2nd Workshop on Multimodal Augmented Generation via MultimodAl Retrieval

Event Notification Type: 
Call for Papers
Abbreviated Title: 
MAGMaR
Location: 
ACL 2026
Saturday, 4 July 2026
State: 
California
Country: 
United States
City: 
San Diego
Contact: 
Reno Kriz
Kenton Murray
Submission Deadline: 
Wednesday, 1 April 2026

Audiovisual media is becoming an increasingly dominant form of online information consumption. From firsthand, “in the wild” video footage of natural disasters to professionally edited news coverage of major political events, videos serve as rich sources of information for producing factual, grounded articles. Especially for actively unfolding events, grounding articles in video can help combat misinformation and provide journalists and analysts with tools to quickly synthesize new developments.

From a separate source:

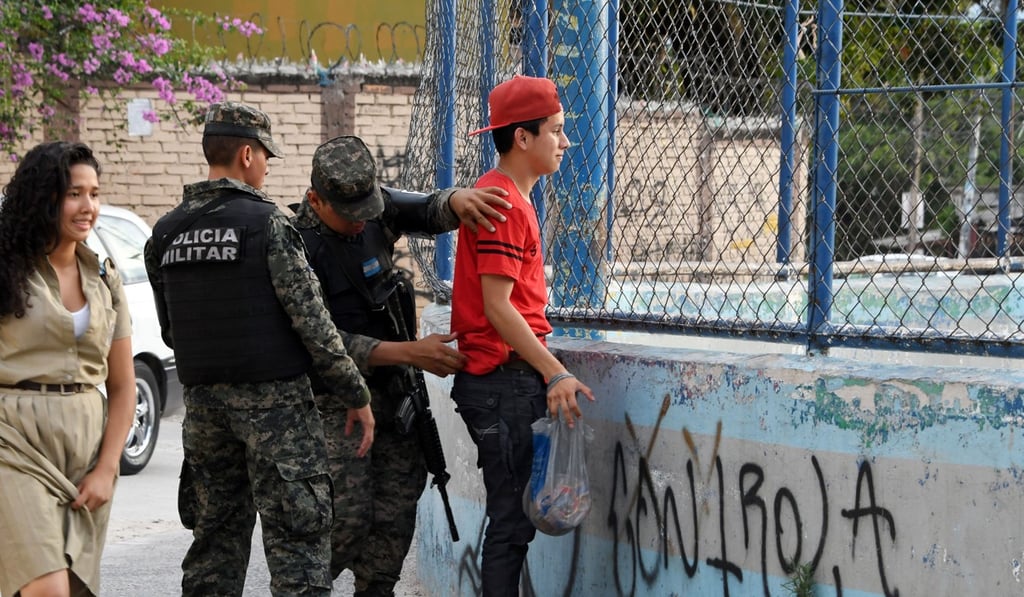 Military Police soldiers frisk a young man in the MS-13-controlled El Bosque neighbourhood in Tegucigalpa. The territorial fight between rival gangs has forced hundreds of people to flee. Photo: AFP Military Police soldiers frisk a young man in the MS-13-controlled El Bosque neighbourhood in Tegucigalpa. The territorial fight between rival gangs has forced hundreds of people to flee. Photo: AFP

Individual research groups have independently begun addressing this challenge, leading to parallel yet disconnected efforts to define the research space. ACL 2025 hosted the first MAGMaR workshop focused on Video Event Retrieval. This year’s iteration focuses on two primary areas: (1) the retrieval of multimodal content spanning text, images, audio, and video; and (2) retrieval-augmented generation, with an emphasis on multimodal retrieval and grounded generation. To further this goal, we are again hosting a shared task, extending this year to full grounded article generation from multiple videos.

Relevant topics include document retrieval, multimodal retrieval, retrieval-augmented generation (RAG), multimodal RAG, multimodal question answering, and research on video, image, and audio understanding.

This workshop is organized in support of ACL's Special Interest Group on Image and Language (SIGIL).

The workshop will be a one-day hybrid event to allow remote participation and will be co-located with ACL 2026 in San Diego, USA on July 4th.